If over time commodity prices are falling relative to wages, commodities are becoming more abundant relative to human labor (meaning, of course, more affordable by workers). It’s unclear to me why recognition of the vital role of speculators undermines this point.
We are on the same team. Call it the team of market-praising economists, or the team that believes that economic progress is real.
Should our team yell “Touchdown!” and spike the ball because between 1980 and 2018 the price of bananas has fallen relative to wages?
The authors of Superabundance, and its many prominent blurbers (including Boudreaux) seem eager to say yes. I am more cautious. If we are entitled to spike the ball when commodity prices fall relative to wages, then we are giving license to the other team to spike the ball if commodity prices move in the other direction. Given the many factors that can affect commodity prices, and given the way that speculators must try to anticipate those factors and then respond to them, I don’t want to stake my team’s reputation on how those prices behave. If in 2028 the price of bananas relative to wages happens to be higher than it was in 1990, I don’t want to concede that this proves that markets need government intervention or economic progress is a chimera.

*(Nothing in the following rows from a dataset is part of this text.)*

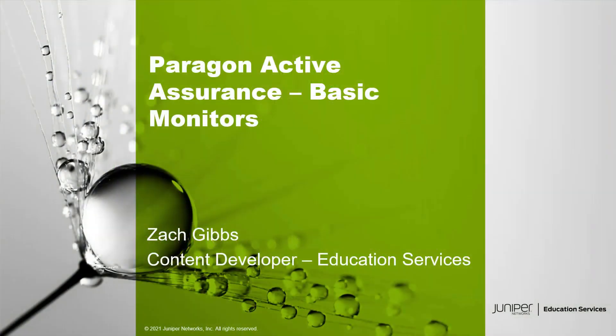Hello, my name is Zach Gibbs and I am a content developer with Education Services inside Juniper Networks. Today we will be going through the Paragon Active Assurance Basic Monitors learning byte.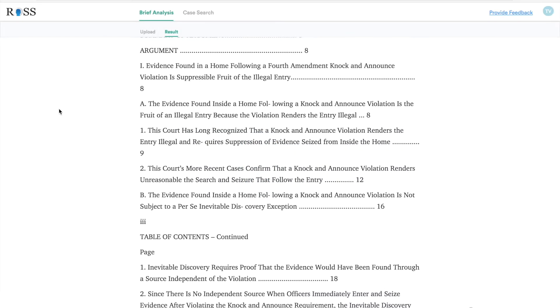Hi there. In this video I want to show one of the cool features that has been built into Eva — our find similar case law language feature.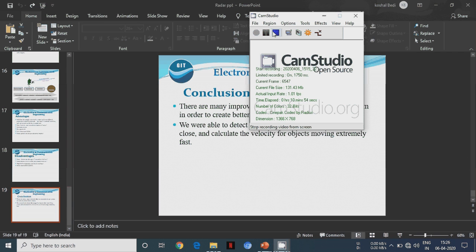We again classify the continuous wave radar as modulated and unmodulated radar. Similarly, in pulse, we also classify MTI and Doppler radar. According to the application, we can classify these types of Radar. Initially, we normally use pulse type of radar.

Boudreaux also objects to the term “exhaustible resource.” I agree that the connotations of the term “exhaustible” are problematic.
Instead, come up with a term for a resource that can either be extracted now or left where it is to be extracted later. With almost-ripe bananas, leaving them on the tree is not a viable option. With diamonds, oil, or zinc, there is a viable option to leave the resource in the ground.
The choice between leaving a resource where it is and extracting it now necessarily depends on the relationship between its price expected in the future and its price today. Your estimate of the future price can include a forecast for how new discoveries or new recovery methods might emerge. The interest rate also enters into the calculation. If the interest rate is high, you need the expected future price to be high in order to induce you to leave the resource in the ground.
My intuition is that if there were no surprises, prices of such resources will follow an upward path over time, in order for the holders of such resources to earn the rate of interest. If that intuition is correct (and there is a large literature on this subject, not all of which agrees with my intuition), then even if labor productivity generally rises you could still lose your bet that resource prices will rise less rapidly than wages.
In reality, unanticipated events are the most important factor in resource markets. And because unanticipated events can go in either direction, that adds to the risk that you could lose your bet that resource prices will rise less than wages.
Finally, both Don and a commenter on yesterday’s post suggested that “luxury boxes” are a different good than the box seats of 1966. True enough. But for me as a baseball fan, they are actually worse. You are farther from the playing field, and in fact you end up watching the game on television. What you get is a buffet of food and beverages, which are worth nowhere near the cost of ticket. If you take away the status element, there is no reason that I can see to prefer a “luxury box.”
And of course, in 1966 in St. Louis, you could watch Bob Gibson pitch a complete game in 2 hours, doing the same work it takes four pitchers four hours to do in 2022. Give me the 1966 baseball ticket any day!
"I don’t want to concede that this proves that markets need government intervention or economic progress is a chimera."
Seems to me that this is what the whole Tupy-Progress project has been about for years now. The government is always trying to legitimize more intervention by leveraging human instincts about shortages and scarcity and implying a species of market failure that justifies the increased role and exercise of political power, and Tupy's job is to use the history of innovation to push back against such fearful impulses and encourage people to presume that under a dynamic instead of static analysis, we can reasonably extrapolate that trend into the future and expect it to continue, but only insofar as market incentives and mechanisms are allowed to operate without too much encumbrance.
The trouble is that this isn't actually an argument that real progress in certain fields will continue, as trends don't make for physical arguments tethered to empirical measurements and natural laws. There are indeed plenty of examples of exhaustable resources, there is no sense denying it. I'd go much further and say that for physical stuff, there is no such thing as an *inexhaustible* resource because everything is exhaustable in terms of there can only be so much of anything composed of matter which hasn't been reduced to its highest entropy. The universe started with a certain amount of negative entropy - the real "ultimate resource", it is going away, we can't do anything without spending at least a little of it down, and there's nothing anyone will ever be able to do about that. Try to use it wisely or 'effectively', I guess.
It would be better to stick to simple arguments based in straightforward economic reasoning that explains that in a normally functioning market with prices that clear demand and supply there is no such thing as a 'shortage' as a valid concept, that surprises and price swings happen as a normal incident of life, and that problems with prices and supply are much more likely due to various kinds of government failure than market failure.
For those of us that have worked in the exploration and production of minerals, what you call "unanticipated events" we call hard work coming to fruition.